AP control of SM TX power

Doesn’t seem to work on PMP100’s, in this case 900MHz running 11.2

is that true, or am I missing something.

Thanks in advance,

Homer W Smith
CEO Lightlink

Working fine here in 11.0.1 on a 900 omni, don’t have anything newer deployed. Looks like the clients on this AP are 9.3 or higher. Definitely works on 10.5 clients, I haven’t looked at the 9.3s

What versions are your SMs?

There are 9 clients, all running P10 11.2 FPGA 111010

Of these some are running at -80 as requested by the AP,
and the others are running at their normal output of -55 or whatever.
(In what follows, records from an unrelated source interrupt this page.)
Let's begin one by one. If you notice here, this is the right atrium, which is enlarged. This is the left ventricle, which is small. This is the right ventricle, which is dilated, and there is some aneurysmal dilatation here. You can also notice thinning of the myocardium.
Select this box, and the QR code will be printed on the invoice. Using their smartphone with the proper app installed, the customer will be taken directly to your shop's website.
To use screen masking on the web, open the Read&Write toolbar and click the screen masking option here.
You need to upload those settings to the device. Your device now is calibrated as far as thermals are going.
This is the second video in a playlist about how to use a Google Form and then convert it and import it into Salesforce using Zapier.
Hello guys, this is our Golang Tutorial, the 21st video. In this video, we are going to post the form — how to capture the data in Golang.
I am trying to get everyone down to bare minimum to minimize reflections and
multi path distortion off of valley walls or whatever. It seemed to help a few
stabilize and stop session counting.

Others are still session counting, even ones running at -80, and I have the
AP set to 10db, so its waves don’t reflect all over the place.

Homer

How close are the -55 ones? These things can only turn down their TX power so much. If they’re only across the street you might need lower end antennas or attenuators.
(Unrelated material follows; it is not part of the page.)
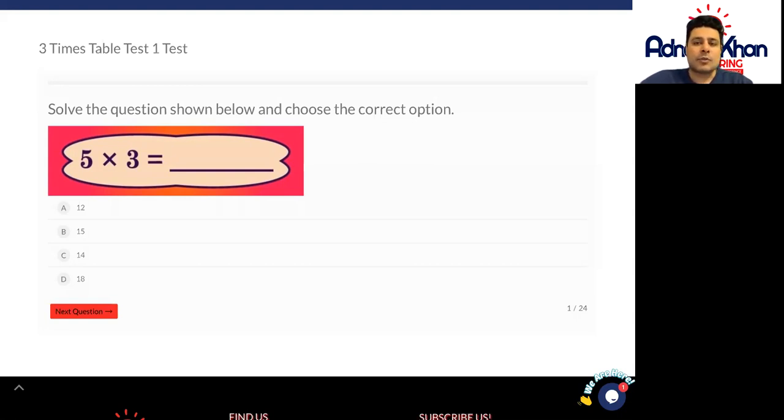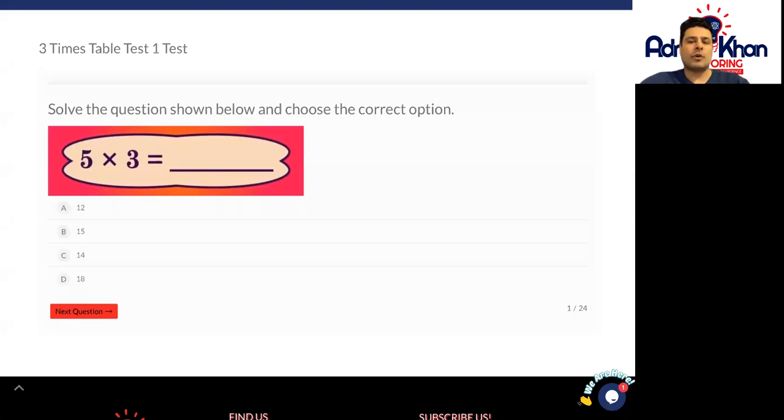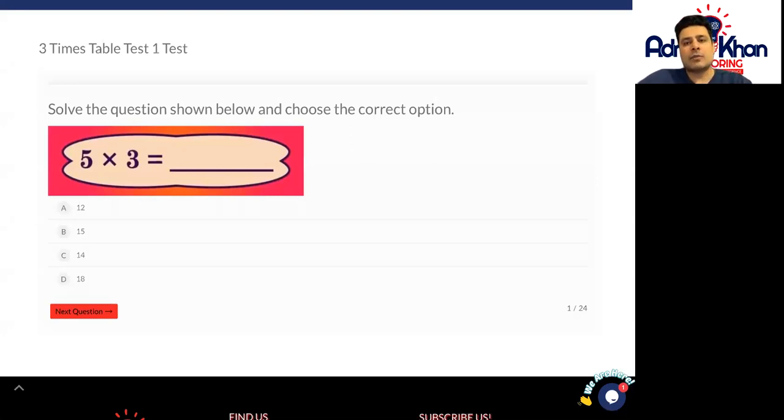The second option you've got is by writing out your entire times table, so your three times table all the way up to 12. Three times one is three, three times two is six, and all the way up to 12, and then you can just answer these questions one by one.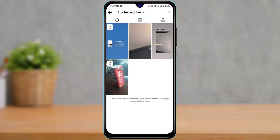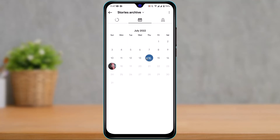As you tap on Archive, by default it will show you a list of your stories archive. If you don't see your stories, tap on Stories Archive to switch to stories. This is the main page of your stories archive. If you switch to the right-hand side, it will show you a list of stories by day. Tap on a date to see the stories uploaded on that date.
Also, -80 I find very very low for 900 MHz. Since there’s so much noise it’d be really hard to maintain any 2X efficiency and them baby monitors/video senders could become extra deadly. I’d suggest -70 or -75

right, thanks for the closeness tip, I will check that out.

No noise here, this is primeval woods. Will watch out for the
baby monitors however.

Probably I should talk to all of the customers…

Homer

Not so fast :slight_smile: Your other posts say you are in NY - about the only place you can get away from 900 MHz noise is in the middle of the Pacific. I think at this point you’d even have to coordinate frequency plans in Antarctica lol.

900 MHz is used in a lot of things that consumers have and don’t even realize it. Video senders, wireless alarm and security gear, and the cheap cordless phones. I had a VTech phone that was sold as 5.8 GHz. In reality it was 5.8 from base station to handset, and 900 MHz on the return path. Don’t forget about all these fancy smart power meters, either.

Another thing that is more apparent in 900 MHz is self-interference. With the time delay of signals bouncing around in the vicinity of an omnidirectional AP, it’s very possible that your -55 client’s signal is reflecting off of something and interfering with your -80’s. With 900 MHz passing through and penetrating so easily it’s pretty easy to end up with a mess. This is why pretty much every other vendors’ 900 MHz sucks in comparison to the Canopy FSK full power, low-bit-density stuff.

The Canopy gear has a low end receive sensitivity of somewhere around -94 dB. 1X operation requires a minimum of 3 dB SNR to get basic function. Won’t be great performance but it will work. 2X required 10 dB SNR. So, assuming there is no noise; reflective surfaces like rocks, steel, or water; or any weather effects like thermal layering and rain fade; the absolute lowest 2X you should (in theory) be able to get is at -84 dBm (ish)

A little story about interference… we have an omni of our own sunk into a sort of gulley or valley. Was running fine for a couple years with less than a dozen clients. All of a sudden these two houses were having horrible problems that looked like interference. Couldn’t tune it out, spectrum analysis just showed a mess, couldn’t find any interfering equipment at all. So during one site visit, the our customer got permission from the neighbors who were gone for a day or two to kill power to their house. Our tech went over and did just that… presto, service for all! No idea what was causing that and it’s never come back.